In the 1990s there was a popular TV sit-com (“situational comedy”) that described itself as “a show about nothing.” But, like our topic, there was more to it than that. You see, the show was about a group of irresponsible friends living on their own in New York City. And that something has been the premise for countless hours of television and movies.

What we’re talking about here, though, is the opposite of irresponsible. We’re talking about doing nothing against your enemy (or rival, etc.), even when presented with a golden opportunity. There is no better example of an opportunity like this than David’s, when he found himself alone in a dark cave with an unsuspecting King Saul–the same man who was actively hunting him and his cohorts, with the intent of annihilation.

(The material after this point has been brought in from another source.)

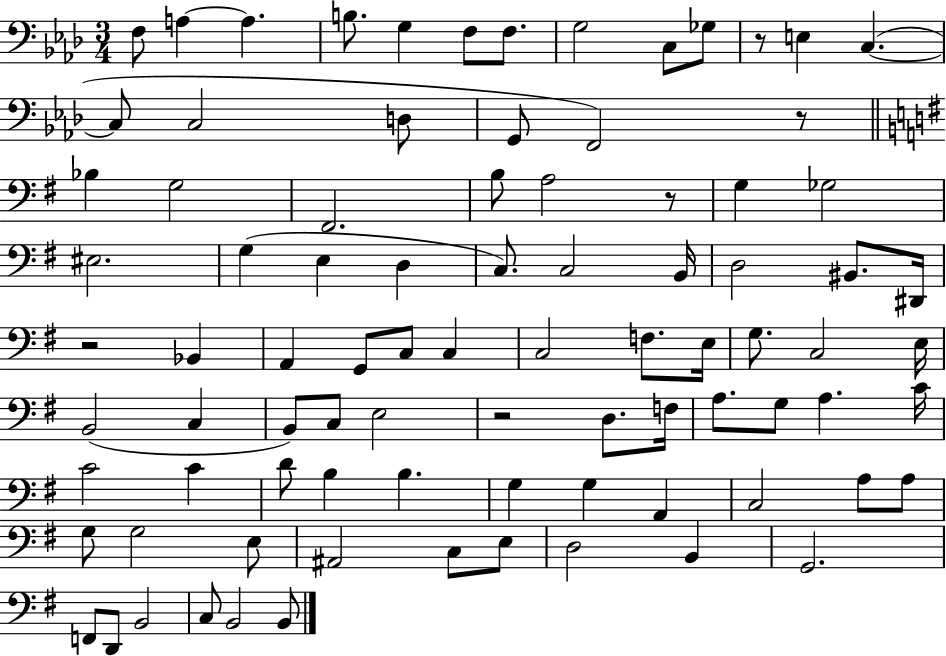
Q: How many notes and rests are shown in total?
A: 87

So Saul chose 3,000 elite troops from all Israel and went to search for David and his men near the rocks of the wild goats.

1 Samuel 24:2 NLT

It must be extremely frightening to be the target of a king and a 3,000 man army. David and his crew had to have been terrified by the prospect of getting ambushed. Then suddenly, they caught a break…

King Saul took a rest stop in the same cave where David and his men were holed up! Here was the king himself, unarmed and without his thousands-strong entourage. 

“Now’s your opportunity!” David’s men whispered to him. “Today the Lord is telling you, ‘I will certainly put your enemy into your power, to do with as you wish.’” So David crept forward and cut off a piece of the hem of Saul’s robe.

1 Samuel 24:4 NLT

But David didn’t attack King Saul. Instead, he just cut off a corner of the king’s robe. Here David had this amazing opportunity to put an end to the man who was hunting them all, and he decided…to do nothing?! 

He said to his men, “The Lord forbid that I should do this to my lord the king. I shouldn’t attack the Lord’s anointed one, for the Lord himself has chosen him.” So David restrained his men and did not let them kill Saul.

1 Samuel 24:6-7 NLT

If you were with David, wouldn’t you at least ask for a vote? “Mr. David, sir, some of us were talking, and we think it might be a good idea to at least take Saul prisoner. You know, so we won’t have to worry about his 3,000 men killing us or anything.”

But David’s conscience told him otherwise. He knew that it was not his place to take revenge; it was God’s. And it was not weakness that had him do nothing against Saul–on the contrary, it probably took a lot of strength to restrain his men. In fact, it was the strongest choice he could have made.

If you find yourself in a situation like David’s–facing the unique opportunity to drop your enemy in their tracks, think about what David did. And consider these words from the Apostle Paul.

Never pay back evil with more evil. Do things in such a way that everyone can see you are honorable.

Romans 12:17 NLT

Questions for Group Discussion

  • Why was David’s decision to do nothing to Saul the stronger one?
  • Have you had an opportunity like David’s? Have you ever had the opportunity to stick it to your enemy or rival just lobbed into your lap?
  • Is it always the stronger choice to do nothing? Aren’t there times when actually doing something might be better?

Challenge: For Example

It’s easy to speak in abstract terms. Let’s firm this idea up a bit.

Your challenge is to provide a real-life instance of this concept of strong inaction–besides the one in 1 Samuel 24. For example, in chess, it is often advisable not to capture a piece that has just taken one of yours, because it slows the progression of your offensive tactics.

  1. Find an example like the one above.
  2. Expound on it, explaining it in one paragraph.
  3. Write or print it on good looking paper with nice-looking lettering.
  4. Frame it and hang it somewhere to remind you.